« Le 9 octobre 2019, nous avions les clés. Le 12, nous inaugurions la Grande Halle ! », se souvient Ophélie Deyrolle, directrice d'un nouveau tiers-lieu implanté sur les friches de la Société métallurgique de Normandie (SMN), à Colombelles (Calvados), en périphérie de Caen. Cet atelier électrique composé de deux nefs des années 1950 accolées nécessitait une réhabilitation lourde : le béton avait mal vieilli, la voûte était fragile, le sous-sol pollué.

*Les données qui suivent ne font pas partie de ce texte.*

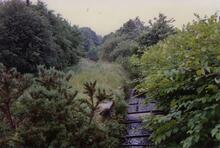 Clyne 1990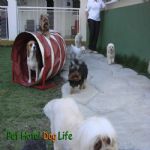 Creche (day Care)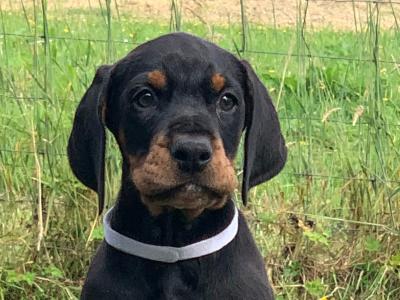 IKC Registered Dobermann puppies in Westmeath, health tested Parents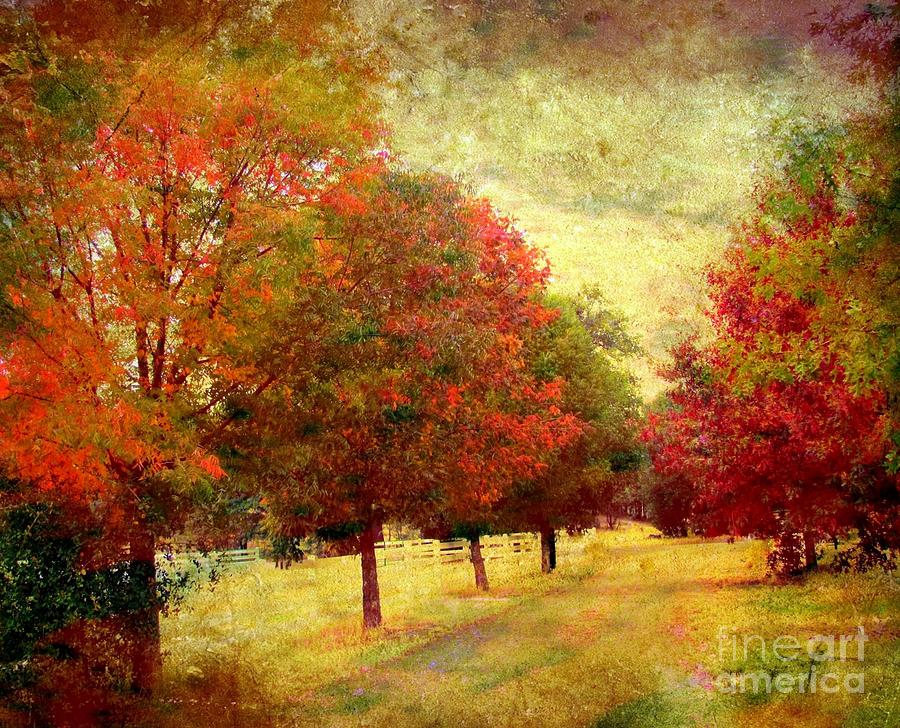 Fall Digital Art - Country Road #4 by Irina Hays
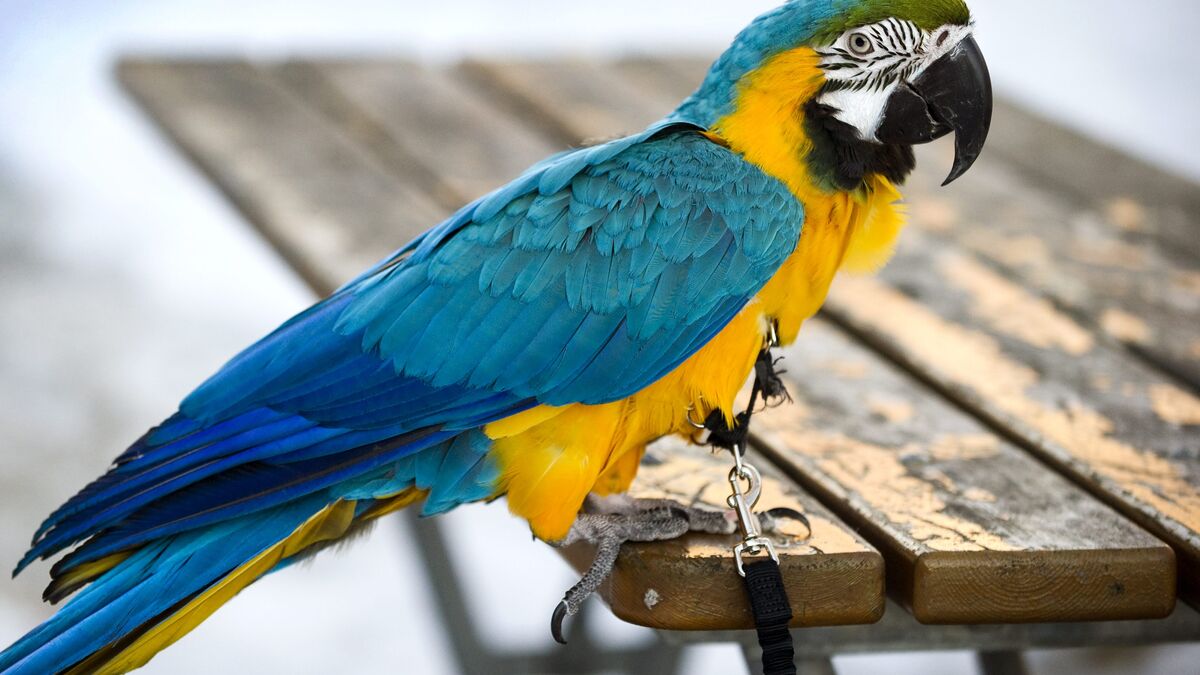 Silent parrot taken to the police station in Norrköping
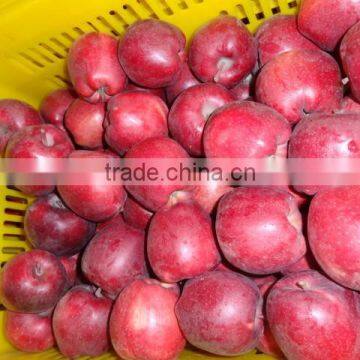 HUANIU APPLE photo-5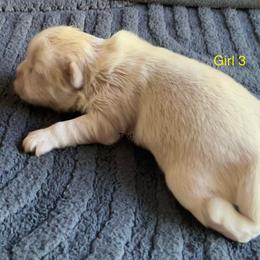 Girl 3 - Cream and white female Shih Tzu puppy in Monterey, Tennessee from Mountain Laurel Shihtzu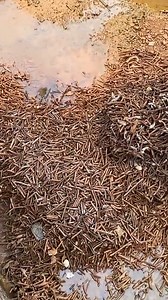 Shredder #mechanic #auto #mechanicsteve #inspiring #motivation #handwashchallenge #mechaniclife | Machines World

Si le chantier n'a duré qu'une vingtaine de mois, le dossier a été ouvert dès 2014 par la SEM Normandie Aménagement, créée pour imaginer l'après-SMN. Deux marchés ont été lancés quasi simultanément pour attribuer au même maître d'œuvre, Encore heureux, l'étude de faisabilité et la réhabilitation. Puisqu'elle ne pouvait, sur demande du maître d'ouvrage, intervenir que sur le bâti existant, l'agence d'architecture a proposé de construire à l'intérieur de la plus petite des deux nefs « une boîte en bois, isolée, stable » qui hébergerait sur trois niveaux les espaces de travail. La grande nef de 1 000 m2 resterait, quant à elle, à l'état brut, témoignage du passé industriel. Elle peut désormais accueillir des événements.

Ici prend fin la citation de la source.